Dans une rubrique plus croustillante, une information sur une affaire de convoyage de cartons de spaghettis remplis de liasses avait circulé sans qu’on ait pu crever l’abcès. Peu de gens en avaient eu vent. Il s’agirait du chauffeur qui devrait rallier le domicile dans le septentrion alors que son patron l’y attendrait. Mais entre-temps, il aurait fait escale chez sa femme et son frère qui, comme le chauffeur, croyait à des paquets de spaghettis, aurait réussi à en garder un. Ce serait arrivé à destination que le chauffeur aurait appris qu’en lieu et place de la pate alimentaire, c’étaient des « liasses alimentaires ». Passons.
 
Le ministre d’Etat, ministre de l’Economie, des Finances et de la Planification du Développement, Adji Otèth Ayassor est débarqué. Les Togolais le regretteront-ils ? Certainement ceux qu’il contente à coups d’espèces. Les finances s’en trouveront-elles améliorées ? Il reviendra au nouveau ministre de faire ses preuves.

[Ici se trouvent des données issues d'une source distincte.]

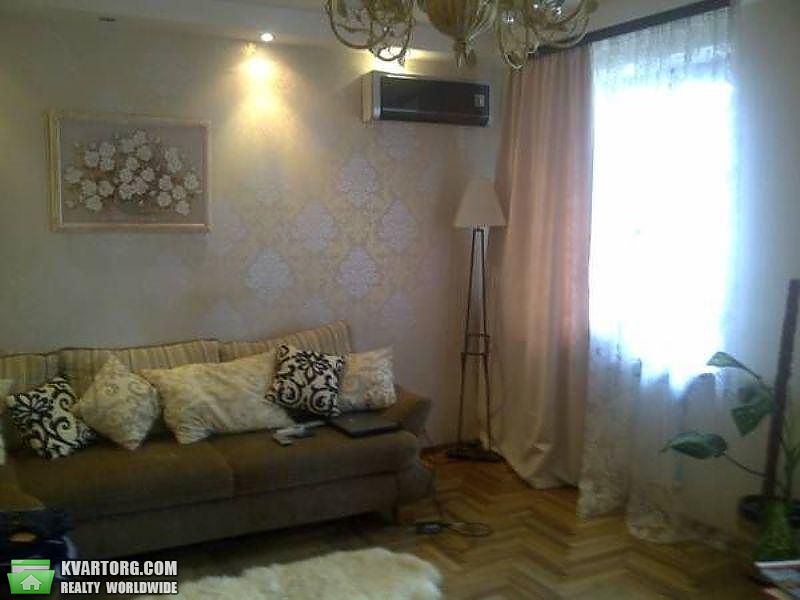 Rent out 3-room apartment. Киев,  Дмитриевская — photo 1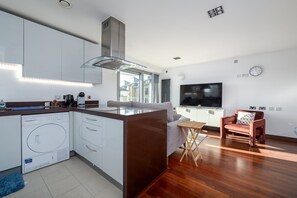 Interior - GuestReady - 2BR in Battersea with Balcony (London)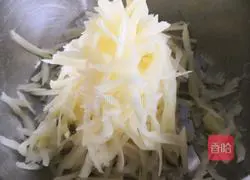 Illustration of how to make cool shredded potatoes 3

La dette du Togo amorcera-t-elle une autre tendance que celle, très sombre prévue par le FMI ? Les mois à venir le démontreront. Mais une chose dont LIBERTE reste convaincue, est que l’homme n’a vraiment pas arrangé les finances du Togo, loin s’en faut. Et s’il est un affront personnel dont un homme véritable devrait avoir du mal à se relever, c’est bien la manière dont le débarquement du gouvernement a été effectué : en pleine mousson, au moment où rien ne laissait présager pareille décision. Une HUMILIATION ! Un ministre nous a confié hier : « Dieu seul pourra lui pardonner tout le mal qu’il a fait au Togo » ! S’il existe vraiment des institutions dont la mission est de traquer la corruption, l’occasion leur est donnée pour qu’elles fassent en toute indépendance leur travail de fouille, le ministre étant redevenu « un citoyen ordinaire ».